First, the AI is a mirror. It might not have its own opinions, but it perfectly reflected the values it found in our own writing. It learned that as a society, we tend to value creation over repetition and autonomy over being told what to do. The scores are a data driven look at the cultural premium we place on jobs that push boundaries, especially through tech.
Second, and I think this is the really cool part, this process can be a map. It points to a new way of looking for work.

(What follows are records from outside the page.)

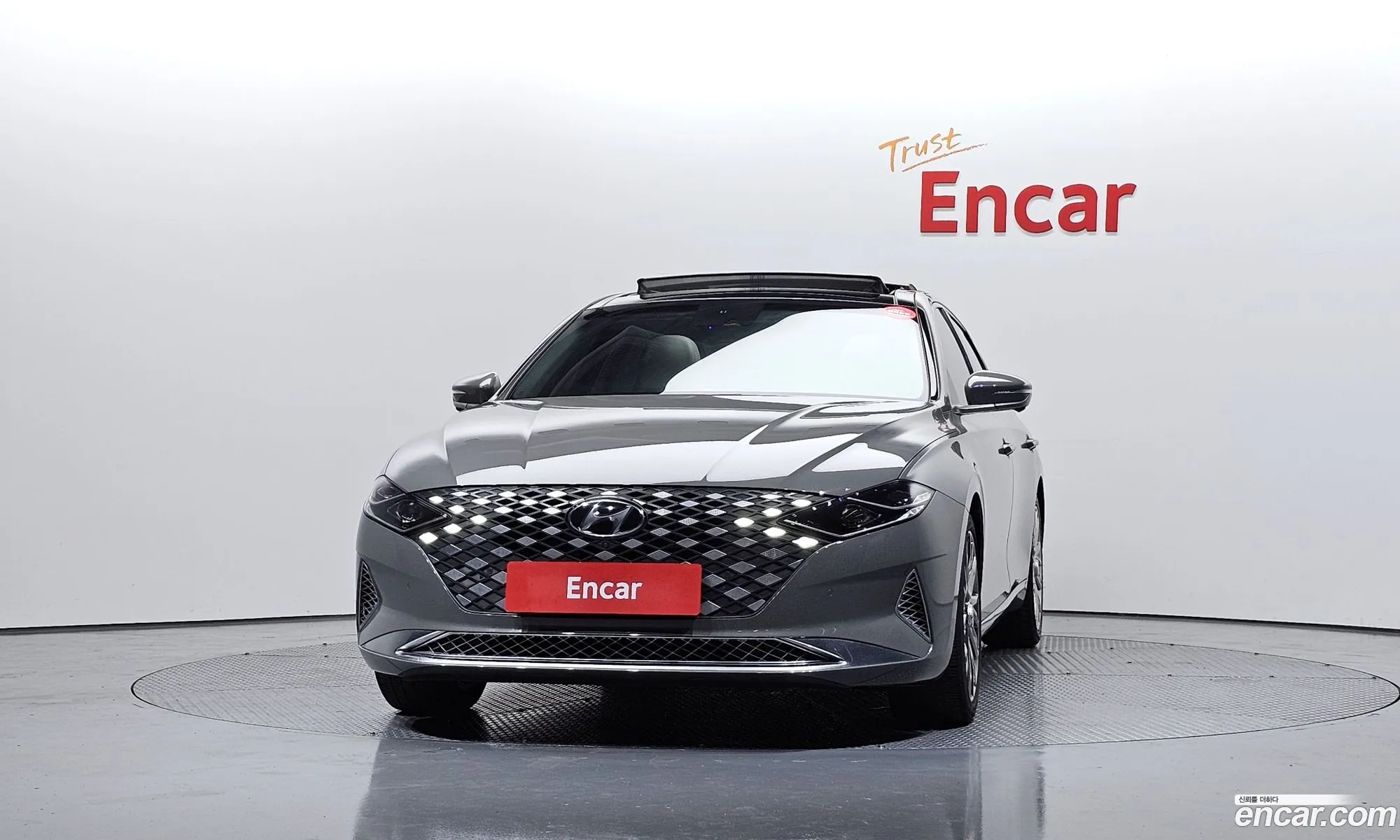 Hyundai Grandeur IG 2020 — 29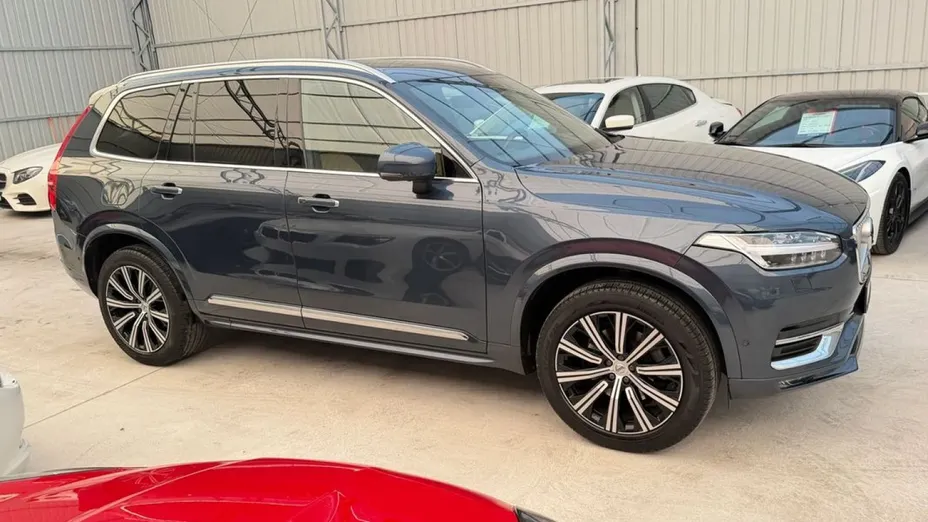 VOLVO XC90 -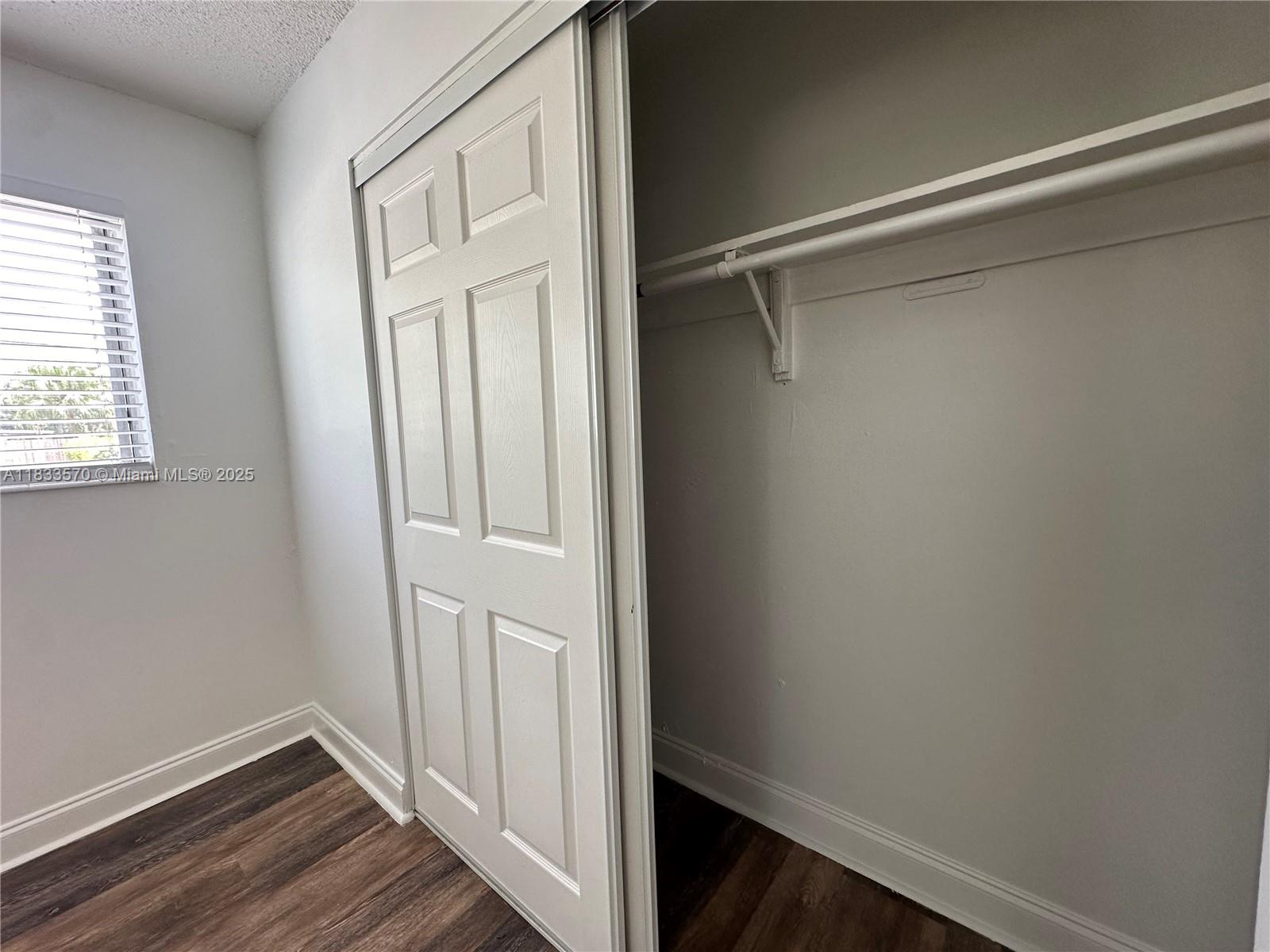 HOLLYWOOD PARK - Residential Lease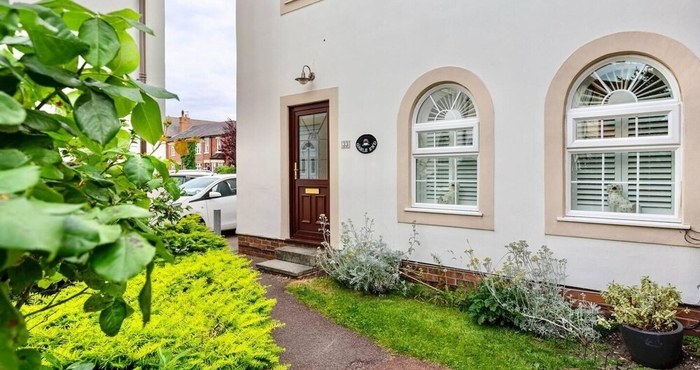 Others Charming 3-bed House in Lytham Saint Annes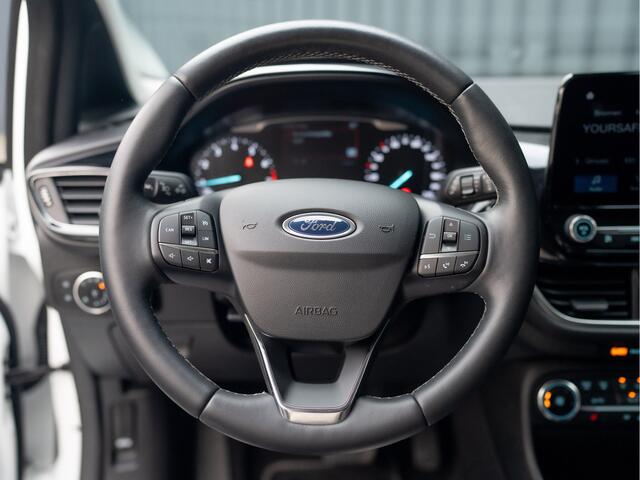 Ford FIESTA 1.0 EcoB. Aut. Titanium | Trekhaak | Stoel & Stuur verw. | Camera | Navi | PDC V&A | Prijs Rijklaar!!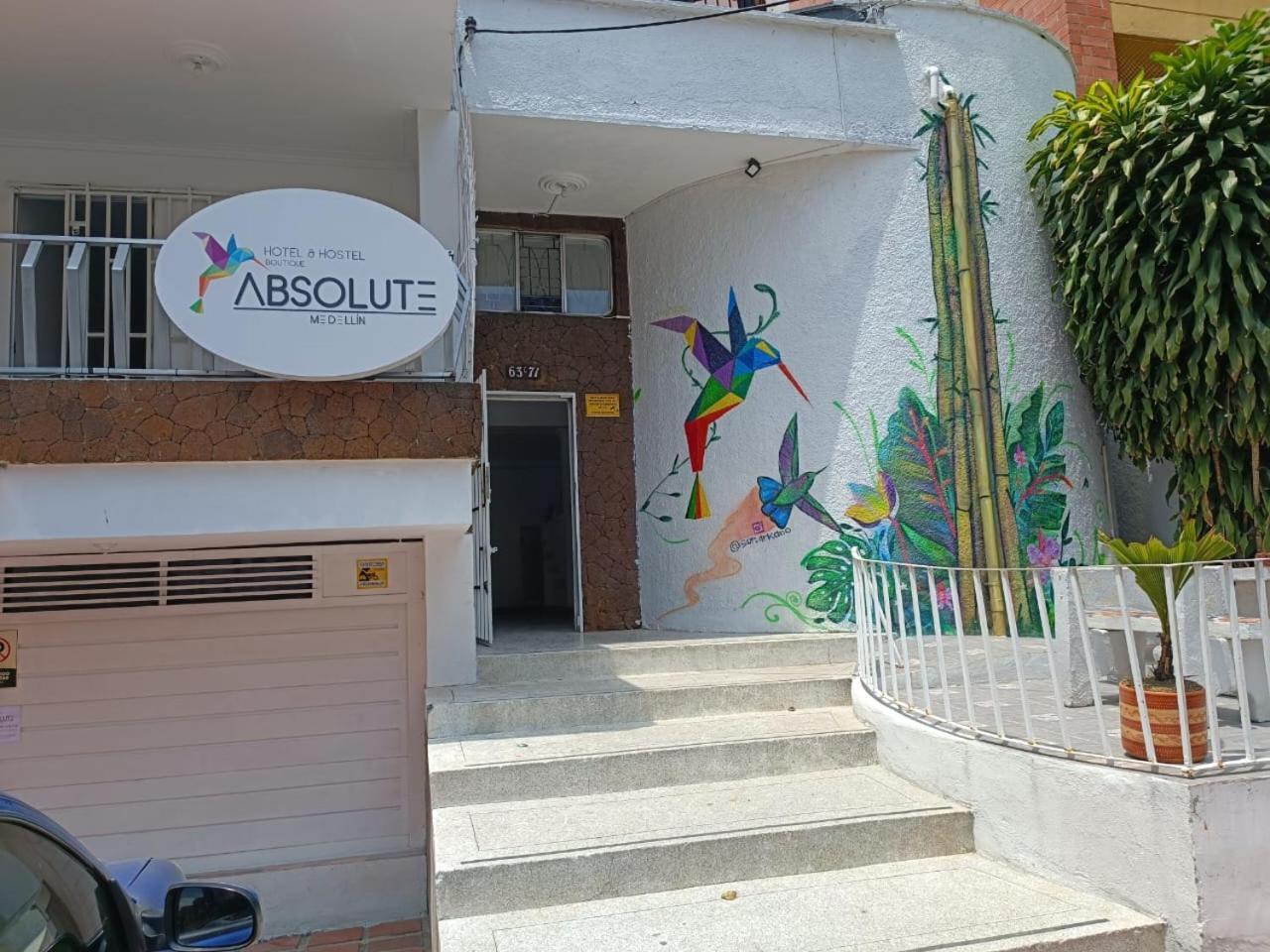 Absolute & Boutique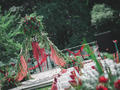 【春日婚礼策划】浓郁的红黑白配色草坪婚礼森林婚礼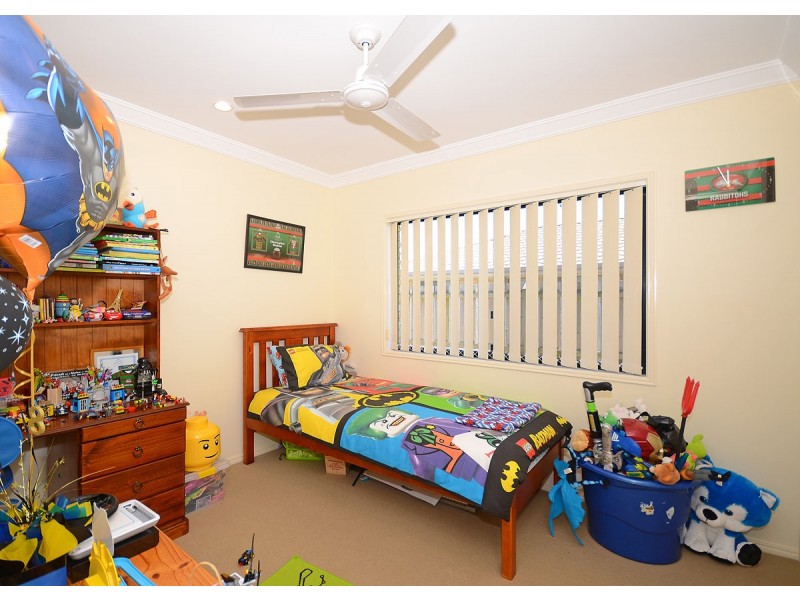 8 Whistler Court, Eli Waters QLD 4655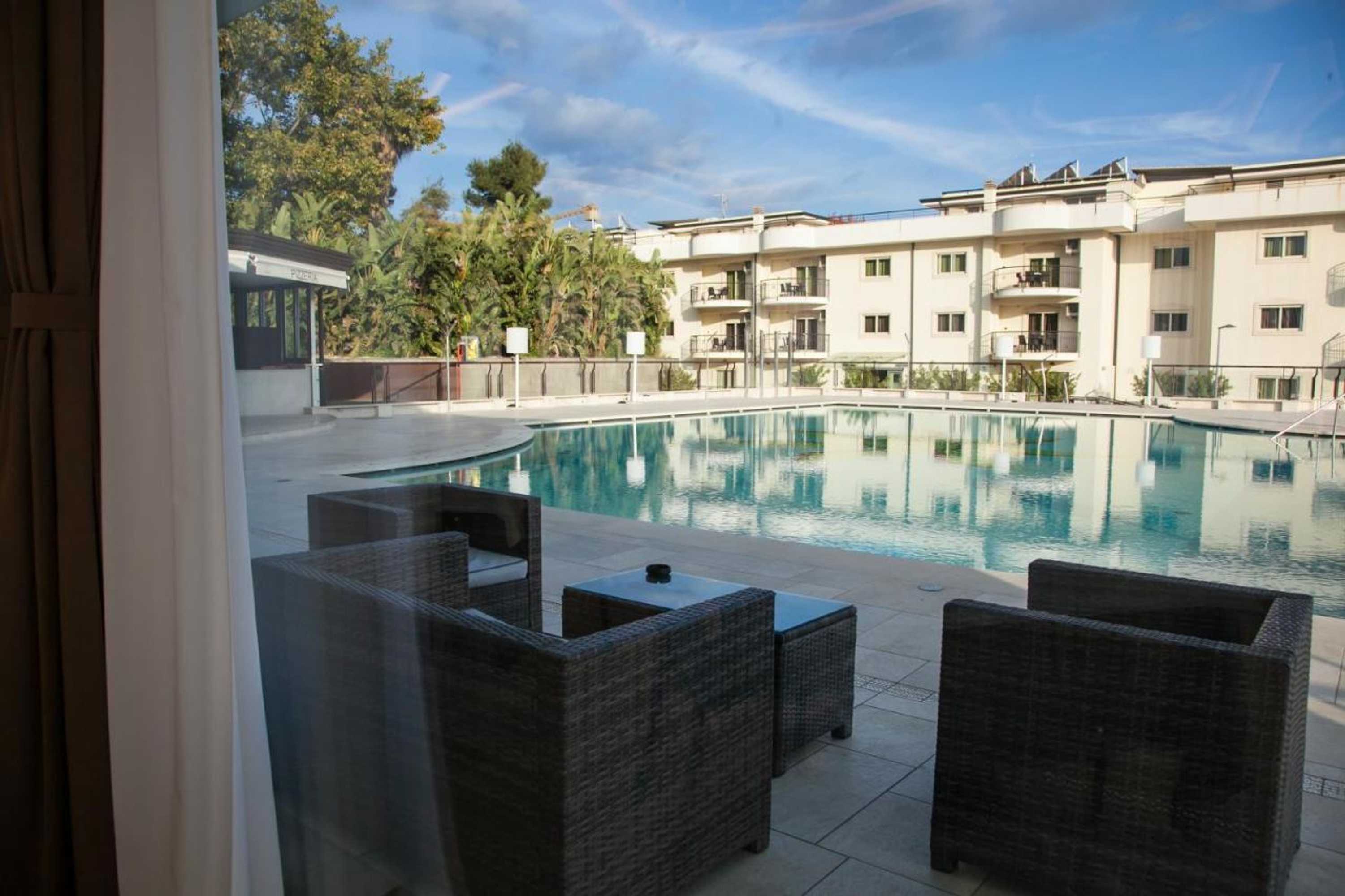 Gift card for 4 Spa Resort Hotel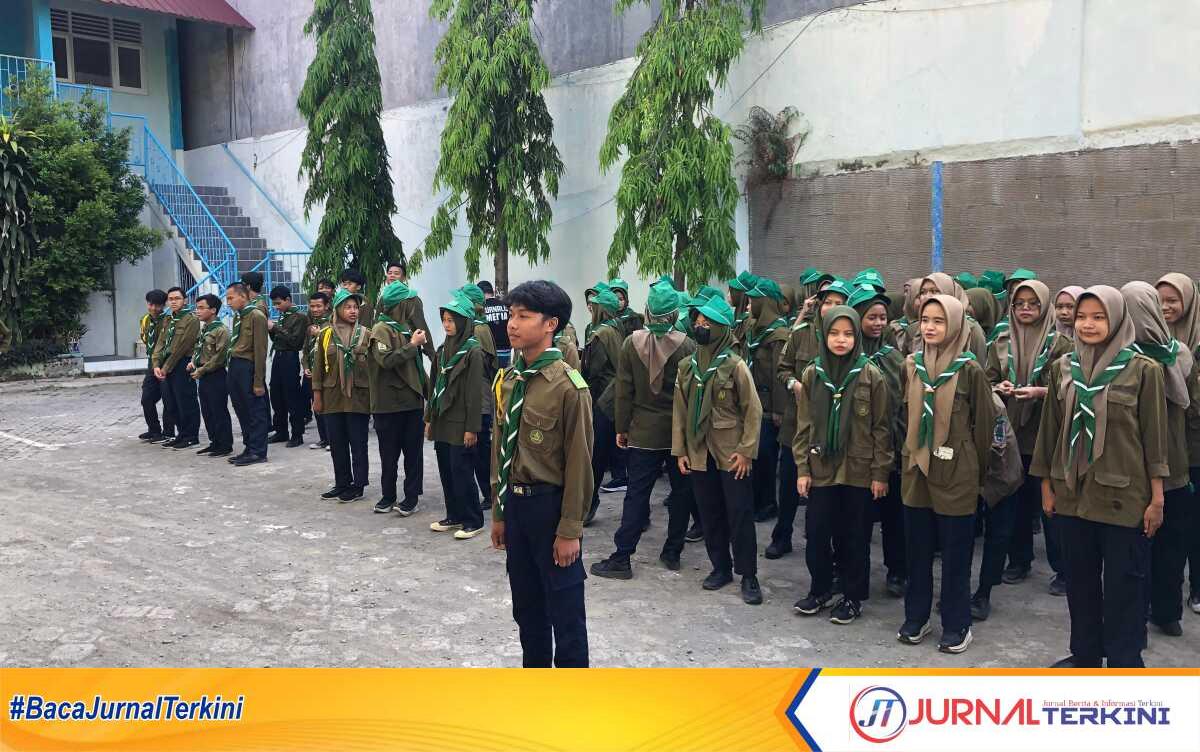 Gelar Apel Pembukaan Taruna Melati Hizbul Wathan Qobilah SMA Muhata, Jumat (18/10/2024) di halaman SMA Muhammadiyah Kota Tegal. (JurnalTerkini.id/Supriyadi)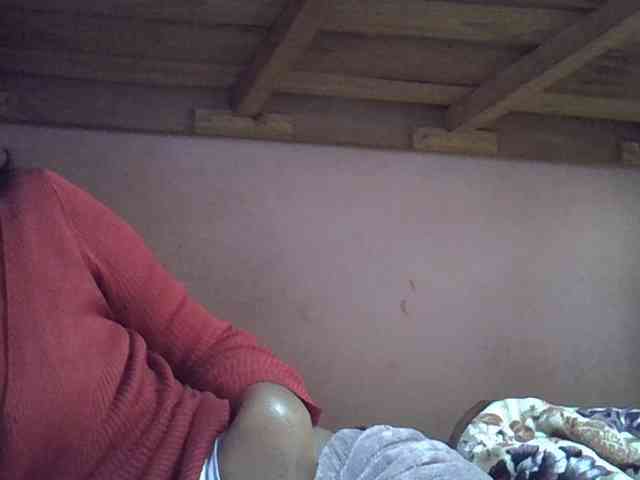 Angelinah75 webcam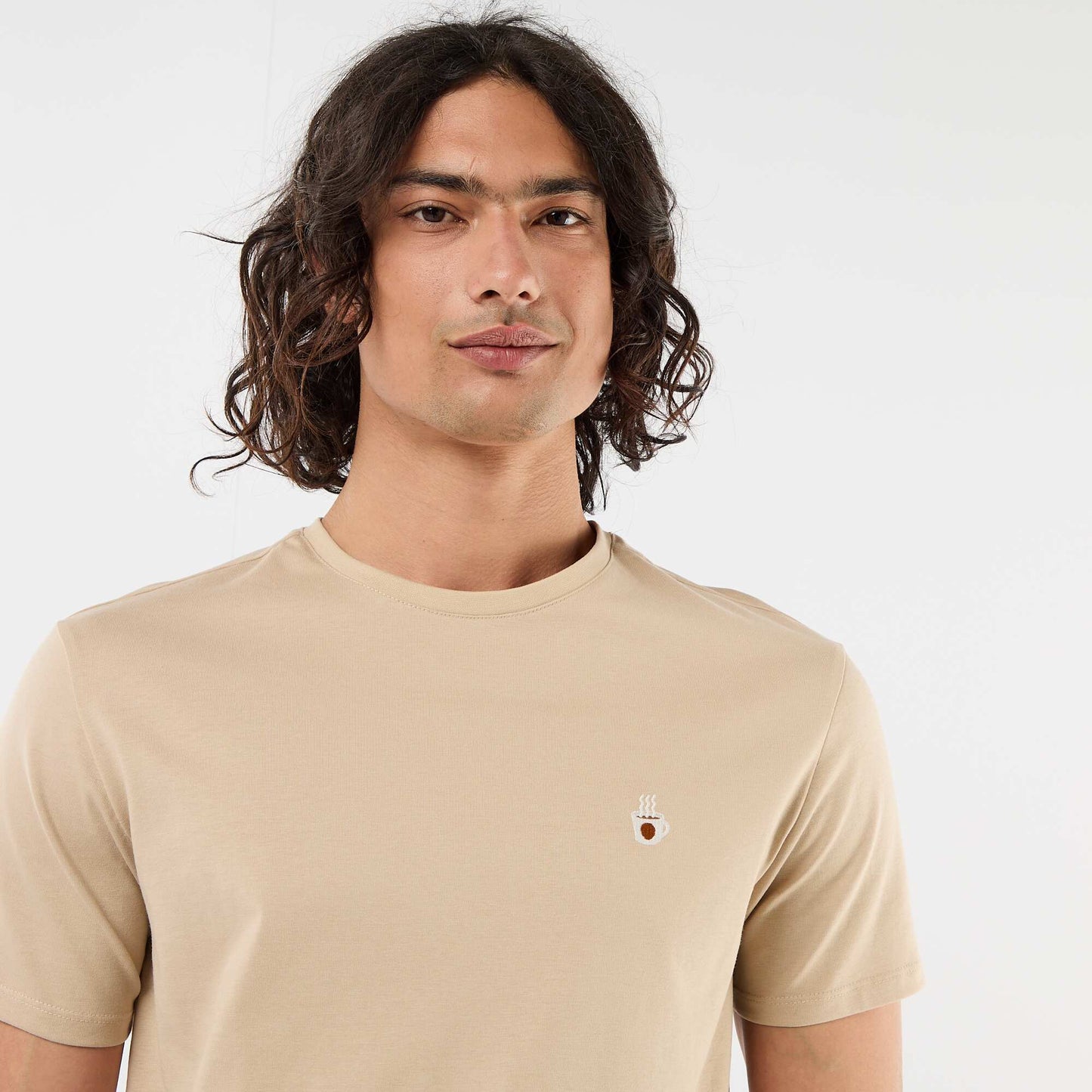 T-shirt uni à manches courtes avec broderie BEIGE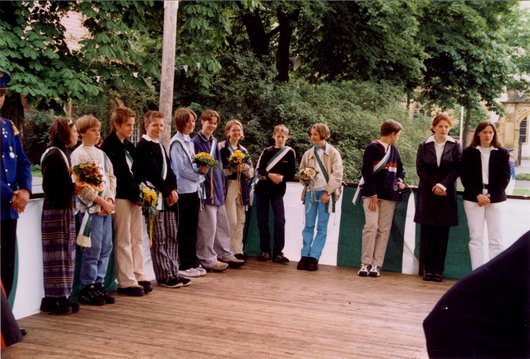 Jugendthron 1998/1999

Imagine if you could filter jobs not by title, but by asking, "Show me roles with the most autonomy" or "Find me a job where I can really innovate." It could change the job hunt from a keyword matching game to a search for work that truly fits you. For anyone curious about what's out there, this could be a powerful tool for discovering interesting and fulfilling work.
We are incorporating a way to browse jobs by spark_score as first step and will be included in generic search as we get more confidence on data's usefulness.